Modifying the original script by Brian C Brown and Elliott DiGuiseppi, Hawley is ‘inspired by’ the truth-is-stranger-than-fiction 2007 tale of NASA astronaut Lisa Nowak, who infamously drove for 14 hours using baby diapers to avoid stops to assault her ex-lover’s new girlfriend. He changes much of the story for no real discernible reason, Lucy here becoming acquainted with her future rival Erin Eccles (Zazie Beetz, "Joker") for some workplace tension, but instead attacking Mark. There is also a niece, Blue Iris (Pearl Amanda Dickson, TV's 'Legion'), Lucy and Drew look after who accompanies her on the journey here, mainly as a witness to her insanity, to hide the handgun Lucy had taken from her grandmother’s purse and as the recipient of Lucy’s lecture on how women clean up men’s messes.
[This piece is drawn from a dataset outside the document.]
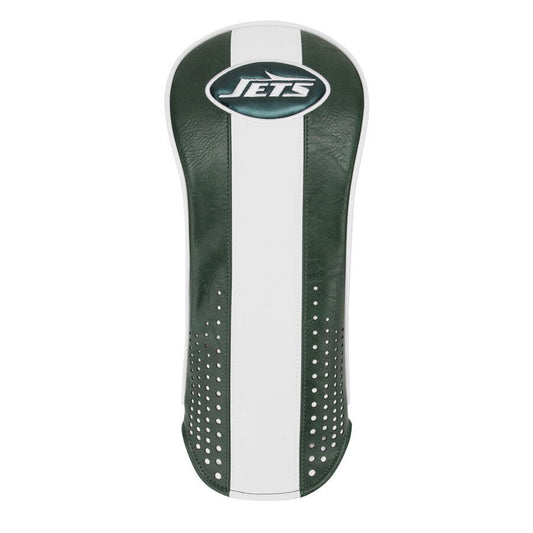 TaylorMade New York Jets Driver Headcover - TaylorMade Team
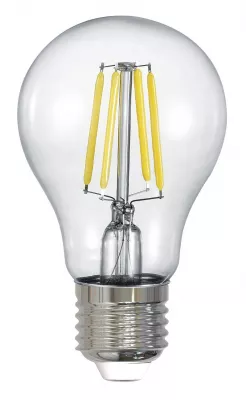 E27 FILAMENT fényforrás 4W 470Lm 30@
Natalie Portman, sporting a broad accent and Dorothy Hamill ‘do, is quite good in the role, her confidence a cover for an accelerating downward spiral. She’s mesmerizing in the film’s best scene, an underwater training maneuver which she pushes through despite a helmet breach which finds her holding her breath for two minutes. Dan Stevens is a dorky Drew with a Ned Flanders moustache to match his Ned Flanders outlook, no match for Hamm’s bad boy attraction. Hamm has been hit and miss in big screen efforts but this is one of his better ones, an imperfect guy with worries of his own who tries to do the right thing. Burstyn is a boozy character, Beetz an innocent upstart. The film also stars Tig Notaro as another astronaut, ‘Fargo’s’ Jeffrey Donovan as sympathetic NASA Supervisor Jim Hunt (impressed as hell by Lucy’s underwater calm) and “If Beale Street Could Talk’s” Colman Domingo as program head Frank Paxton.
“Lucy in the Sky” leaves us three years later with Lucy donning a beekeeper suit obviously meant to invoke her NASA gear, the bees an earthbound ‘grounding’ device, ‘risky’ fliers and a callback to the larvae-to-butterfly symbolism Hawley uses throughout (to signify what, exactly? Lucy’s metamorphosis into madness?). The film starts off intriguingly enough, but quickly goes off the rails, an ambitious failure.